We need to start thinking about technologies and techniques that can help safeguard our data from inaccuracies
Depending on the context associated with data collection and its use (where, when, why, what, how and by who?), risk scoring can be performed and the data then tagged accordingly. Because we need to start thinking about technologies and techniques that can help safeguard our data from inaccuracies, whether they’re introduced maliciously or accidentally. For instance, when identifying a client on an online channel, a login with a distributed secure token will result in a higher level of trust than a login with a self-service created login. By integrating these types of evaluations into advanced analytical models, the risk exposure to data-related harm can be reduced.
Implementing data veracity touches on many aspects and needs to be a step-by-step approach. As part of the data platform architecture, Accenture offers a metadata foundation that integrates all relevant capabilities and allows them to grow in maturity over time. For every new initiative, available services can be used while new ones can be added to any capability in a modular way.
Accenture metadata foundation
Accenture’s point of view on facilitating ethical decisions throughout the data supply chain suggests that organizations that want to create strong relationships with users and maximize data value should begin with strong controls throughout the data supply chain. This point of view provides a set of questions that can be used as a starting point to dive deeper into specific concerns at each stage.
Data veracity not only relies on architecture and technologies. Data scientists are also needed to work with stakeholders to determine the embedded risks across data supply chains, and to set standards for how much risk is acceptable based on business priorities and the implications of automated decisions.

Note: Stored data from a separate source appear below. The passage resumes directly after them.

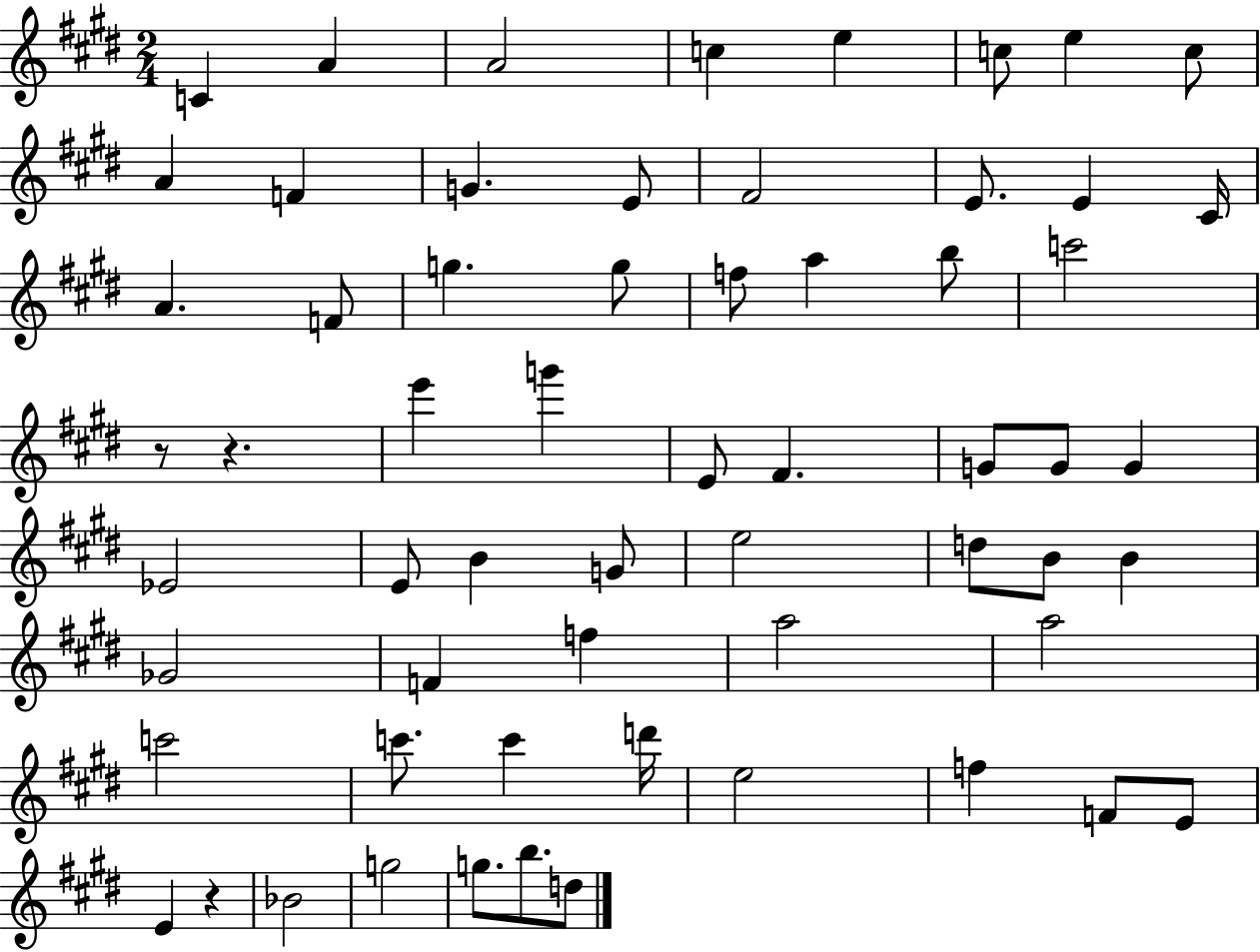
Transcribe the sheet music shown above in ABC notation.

X:1
T:Untitled
M:2/4
L:1/4
K:E
C A A2 c e c/2 e c/2 A F G E/2 ^F2 E/2 E ^C/4 A F/2 g g/2 f/2 a b/2 c'2 z/2 z e' g' E/2 ^F G/2 G/2 G _E2 E/2 B G/2 e2 d/2 B/2 B _G2 F f a2 a2 c'2 c'/2 c' d'/4 e2 f F/2 E/2 E z _B2 g2 g/2 b/2 d/2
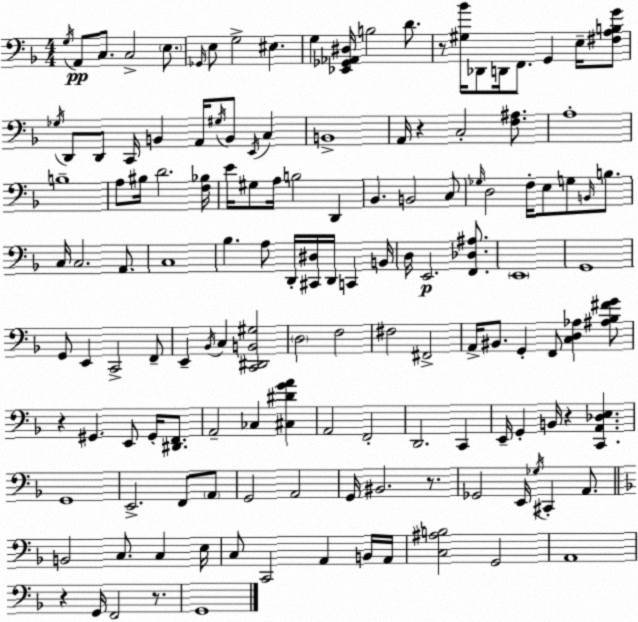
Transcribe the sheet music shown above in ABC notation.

X:1
T:Untitled
M:4/4
L:1/4
K:Dm
G,/4 A,,/2 C,/2 C,2 E,/2 _G,,/4 E,/2 G,2 ^E, G, [_E,,_G,,_A,,^D,]/4 B,2 D/2 z/2 [^G,_B]/4 _D,,/2 D,,/4 F,,/2 G,, E,/4 [^F,A,B,G]/2 _G,/4 D,,/2 D,,/2 C,,/4 B,, A,,/4 ^G,/4 B,,/2 E,,/4 C, B,,4 A,,/4 z C,2 [F,^A,]/2 A,4 B,4 A,/2 ^B,/4 D2 [F,_B,]/4 E/4 ^G,/2 A,/4 B,2 D,, _B,, B,,2 C,/2 _G,/4 D,2 F,/4 E,/2 G,/2 B,,/4 B,/2 C,/4 C,2 A,,/2 C,4 _B, A,/2 D,,/4 [^C,,^D,]/4 D,,/4 C,, B,,/4 D,/4 E,,2 [F,,_D,^A,]/2 E,,4 G,,4 G,,/2 E,, C,,2 F,,/2 E,, _B,,/4 C, [C,,^D,,B,,^G,]2 D,2 F,2 ^F,2 ^F,,2 A,,/4 ^B,,/2 G,, F,,/2 [C,D,_A,] [^A,_B,^FG]/2 z ^G,, E,,/2 ^G,,/4 [^D,,F,,]/2 A,,2 _C, [^C,^DGA] A,,2 F,,2 D,,2 C,, E,,/4 G,, B,,/4 z [C,,A,,_D,E,] G,,4 E,,2 F,,/2 A,,/2 G,,2 A,,2 G,,/4 ^B,,2 z/2 _G,,2 E,,/4 _G,/4 ^C,, A,,/2 B,,2 C,/2 C, E,/4 C,/2 C,,2 A,, B,,/4 A,,/4 [C,^A,B,]2 G,,2 A,,4 z G,,/4 F,,2 z/2 G,,4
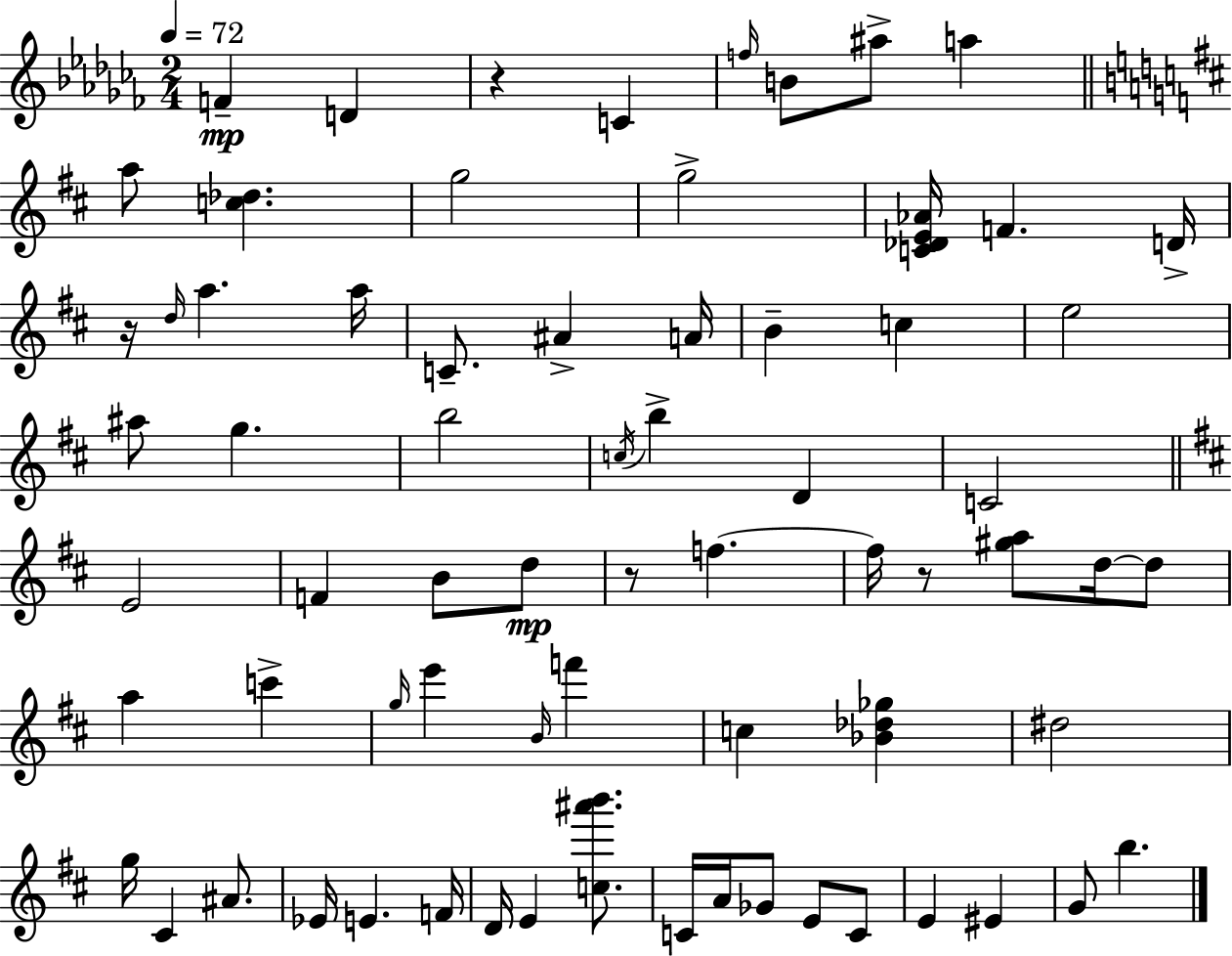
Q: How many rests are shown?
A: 4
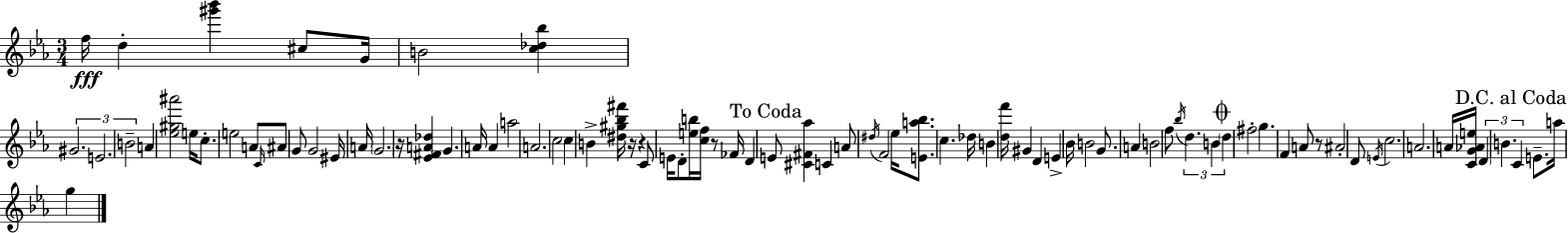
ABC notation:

X:1
T:Untitled
M:3/4
L:1/4
K:Cm
f/4 d [^g'_b'] ^c/2 G/4 B2 [c_d_b] ^G2 E2 B2 A [_e^g^a']2 e/4 c/2 e2 A/2 C/4 ^A/2 G/2 G2 ^E/4 A/4 G2 z/4 [_E^FA_d] G A/4 A a2 A2 c2 c B [^d^g_b^f']/4 z/4 z C/2 E/4 D/2 [eb]/4 [cf]/4 z/2 _F/4 D E/2 [^C^F_a] C A/2 ^d/4 F2 _e/4 [Ea_b]/2 c _d/4 B [df']/4 ^G D E _B/4 B2 G/2 A B2 f/2 _b/4 d B d ^f2 g F A/2 z/2 ^A2 D/2 E/4 c2 A2 A/4 [CG_Ae]/4 D B C E/2 a/4 g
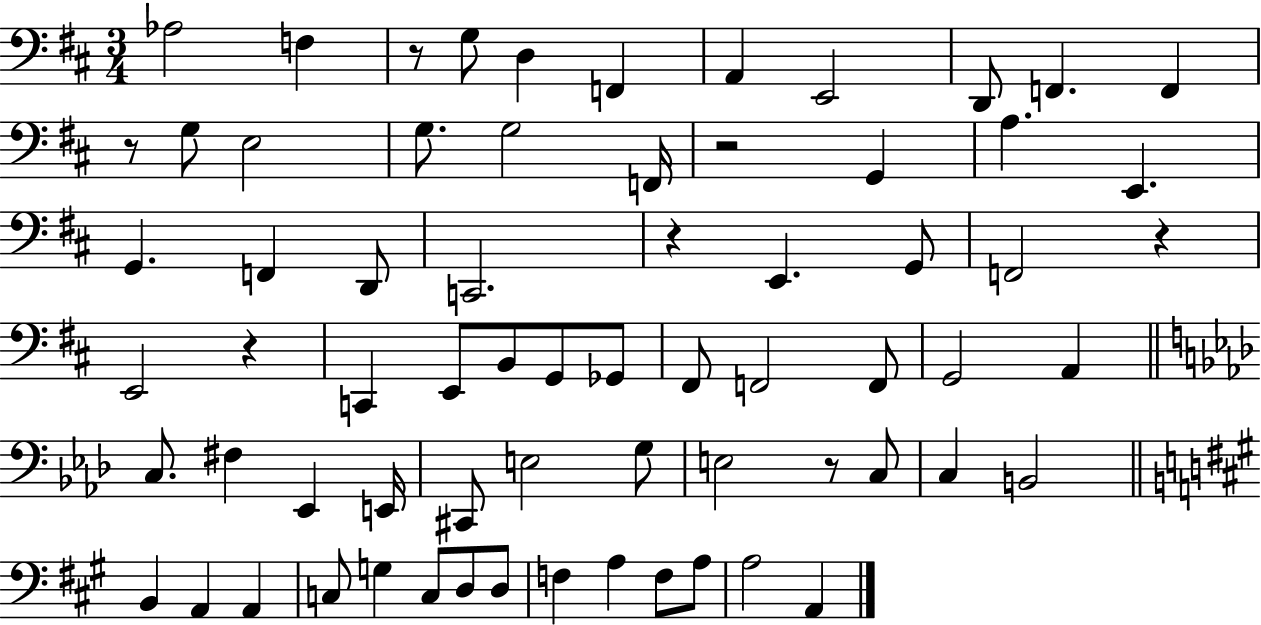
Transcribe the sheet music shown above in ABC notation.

X:1
T:Untitled
M:3/4
L:1/4
K:D
_A,2 F, z/2 G,/2 D, F,, A,, E,,2 D,,/2 F,, F,, z/2 G,/2 E,2 G,/2 G,2 F,,/4 z2 G,, A, E,, G,, F,, D,,/2 C,,2 z E,, G,,/2 F,,2 z E,,2 z C,, E,,/2 B,,/2 G,,/2 _G,,/2 ^F,,/2 F,,2 F,,/2 G,,2 A,, C,/2 ^F, _E,, E,,/4 ^C,,/2 E,2 G,/2 E,2 z/2 C,/2 C, B,,2 B,, A,, A,, C,/2 G, C,/2 D,/2 D,/2 F, A, F,/2 A,/2 A,2 A,,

To reach next generation data excellence, we need data governance
Data governance typically deals with processes and technologies describing the organization’s available data, who owns it and how it is governed throughout the data life cycle. A business meaning is assigned to each individual data item, which is used as the basis to define standards with respect to security, quality, etc. With the introduction of data veracity, additional standards are added to define levels of trust and accuracy.
These definitions and standards are then linked with the systems that store, process and transport the data allowing stakeholders to verify the history from its origin. In the same way that data is aggregated centrally, this information – that is captured in the metadata foundation – is also centralized. Combining it with the right tools allows stakeholders to monitor behavior and context around the data life cycle, mitigating risks that threaten data integrity.
Companies don’t need to start from scratch. They can make use of their existing organizational resources – ramping up existing efforts in data integrity and security. At the same time, investments in cybersecurity and data science can be used to build a data intelligence practice to address data veracity issues. Anomaly detection, for example, can be adapted to monitor data creation, whether the data is originating from physical devices (for instance, checking connected devices for hardware and firmware compliance) or coming from virtual events (for instance, monitoring user events on a server to determine whether they are from a real human user or a bot). By investing in data veracity today, companies will maximize the value of their data – and the data-driven insights and strategies they rely on – for the future.